I don't think the assertions are all correct, in all cases however.

I do think we spend much of our time on a kind of autopilot, where (the bit of
your mind we identify as _you_ ) is essentially a passenger. Our actual
conscious thought is probably much smaller than we'd like to believe.

I'm looking forward to @bencollier49's thoughts/blogpost.

------
ArtWomb
Alternatively, ALL matter is conscious. And interstellar motion is guided not
by gravity and dark matter interactions. But by _volition_. With young stars
swerving between trajectories by minded emissions of directional jets ;)

Can Panpsychism Become an Observational Science?

[https://jcer.com/index.php/jcj/article/view/579](https://jcer.com/index.php/jcj/article/view/579)

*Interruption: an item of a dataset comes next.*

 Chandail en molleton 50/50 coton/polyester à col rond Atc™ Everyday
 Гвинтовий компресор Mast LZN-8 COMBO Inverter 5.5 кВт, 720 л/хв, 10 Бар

This comes on the heels of the Free Will debate in neuroscience. Where some
observers decipher the lighting up of a cluster of neurons in an fMRI machine
milliseconds before an action takes place as proof of external determinism. Or
perhaps it is conspiratorial prep for the coming age of state sponsored brain
implants and hive mind mass control.

Regardless debates such as these will become moot once in vivo science of mind
is achieved, perhaps not until century's end. The more interesting questions
in neuroscience tend to be of the form: where do creativity and inspiration
come from? We've all had the experience of focused concentration on a puzzling
problem. Only to have the solution, fully formed, pop into our heads like a
bolt of lighting. Is there some way to fertilize this process? To favor the
probability of discovery.

------
swayvil
I always figured that thought occurs by reference.

Like, rather than creating a thought the thought is already there, and then we
refer to it.

A metaphor : You are in a dark room with a flashlight. You direct your
flashlight at a flowerpot. Suddenly you see a flowerpot. But you did not
create the flowerpot it just suddenly became visible.

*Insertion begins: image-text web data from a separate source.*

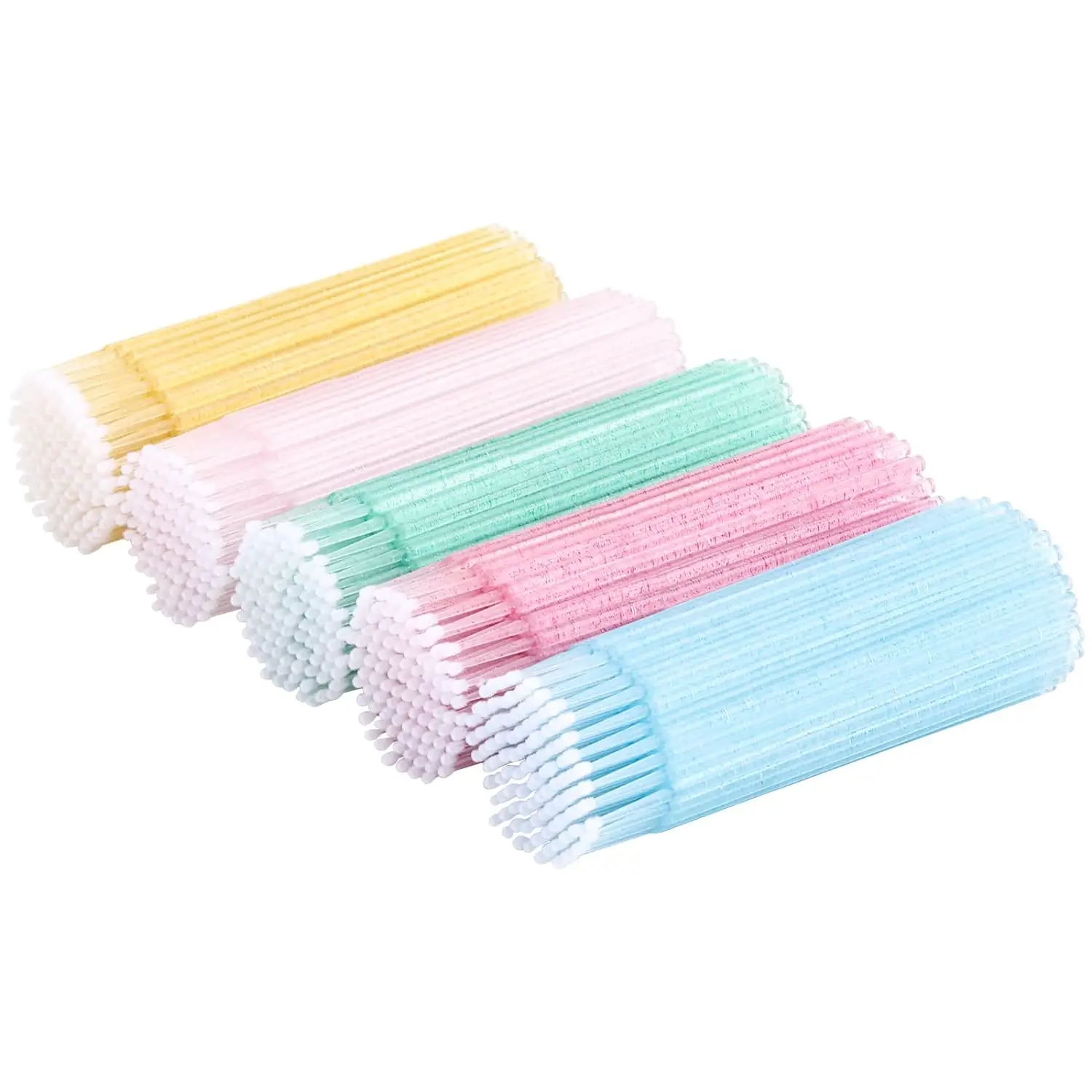 500/1000개 일회용 마이크로스왑 속눈썹 연장용 마 - Micro Brush Applicator 리뷰 및 가격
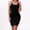 Black, variant on Bodysuit Shapewear for Women - Comfortable Dress for All Seasons - Versatile Supportive Undergarment for Home and Casual Wear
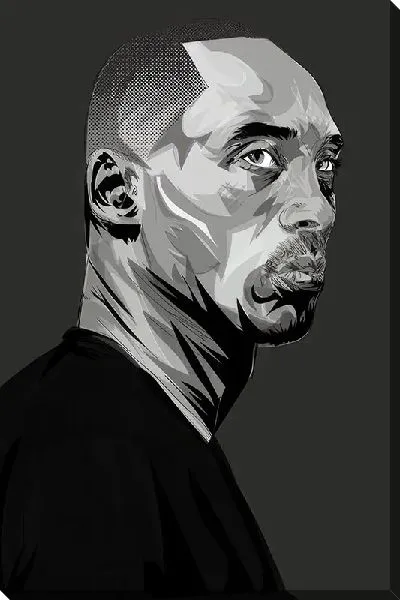 Постер Кобе Брайант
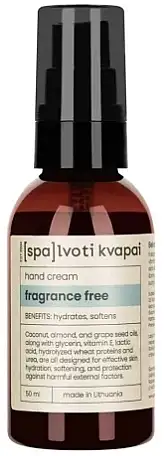 Håndcreme "Uden Duft" 85871369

In my model here the process of thinking consists of a series of changes of
reference. A series of redirections of attention. You observe a thought. You
respond to that thought by directing your attention (much like directing the
beam of a flashlight) at another thought. And so on. An endless chain.

Note that I am a longtime meditation enthusiast so my perspective is abnormal
and weird.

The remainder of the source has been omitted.